Jason and Rita were researching ''natural farming.'' This meant that we let the weeds grow with the crops. By the end of the summer, the sunflowers and Johnson grass were over our heads, and the only hope of finding the okra and potatoes lay in remembering where they'd been planted.

What others called weeds, however, we called food for our rabbits and climate and insect control. The horehound deterred the rampaging grasshoppers, and our eight-acre plot proved to be a cool oasis in a hot, barren land. Our little adobe, made of soil gathered nearby and baked by the sun, looked as though it had sprouted as naturally as everything else.

Our visitors were mostly feathered and furry. I became adept at ushering hummingbirds, honeybees, and skunks from the house. A roadrunner frequently called on us, dashing after mealworms tossed from our doorstep.

As the months meandered by, it became clear that all was not as peaceful as the gently swaying Johnson grass and unruffled crayfish pond suggested. For, while the couple devoted great energy to nurturing ancient strains of seed corn and developing a healthy duck flock, they failed to plant seeds of trust and tolerance and to develop sound community relationships. Whether the tension was due to their original outlook or to their pride in their originality, I never knew. They cultivated beauty in the landscape while drawing verbal caricatures of the neighbors. And the neighbors gossiped in like manner about them.

It became quite clear that learning to live in harmony with the land, which is what drew me to these strangers in the first place, ought not to be at the expense of living in harmony with mankind.

I had joined the experiment in the role of caretaker. When I was alone on the farm for several weeks, I began to invite neighbors to dinner, a few at a time. Reluctant, suspicious, they came. And invitations were returned. Doors creaked open. Walls slowly tumbled.

But when Jason and Rita came back, the mutual mistrust fairly sizzled in the hot sun. The couple finally put the farm up for sale and moved to another state to start over. I moved to a ranch farther south.

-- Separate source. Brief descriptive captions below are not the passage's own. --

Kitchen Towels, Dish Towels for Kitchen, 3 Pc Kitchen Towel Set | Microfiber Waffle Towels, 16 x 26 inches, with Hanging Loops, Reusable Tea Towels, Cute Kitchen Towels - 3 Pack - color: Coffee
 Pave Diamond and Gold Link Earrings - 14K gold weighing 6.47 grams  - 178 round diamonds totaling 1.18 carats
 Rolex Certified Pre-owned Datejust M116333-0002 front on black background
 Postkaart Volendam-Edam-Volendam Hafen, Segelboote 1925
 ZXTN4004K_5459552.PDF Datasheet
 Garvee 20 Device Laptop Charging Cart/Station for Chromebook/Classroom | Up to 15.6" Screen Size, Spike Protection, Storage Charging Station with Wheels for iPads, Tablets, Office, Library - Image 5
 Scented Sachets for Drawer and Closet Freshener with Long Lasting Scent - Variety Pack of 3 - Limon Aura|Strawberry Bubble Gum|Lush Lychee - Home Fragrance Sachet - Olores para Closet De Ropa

I returned to the farm, once. The duckyard stood eerily silent. No honeybees searched the flowers; no roadrunner strutted past the doorstep looking for mealworms. The little place with the stained glass window was gone. Weeds crowded the paths more than ever.

But in front of the house where day after day I had tossed a bucketful of dirty dishwater into what seemed nothing but a tangle - were hollyhocks. Dozens of them. Springing from the weeds.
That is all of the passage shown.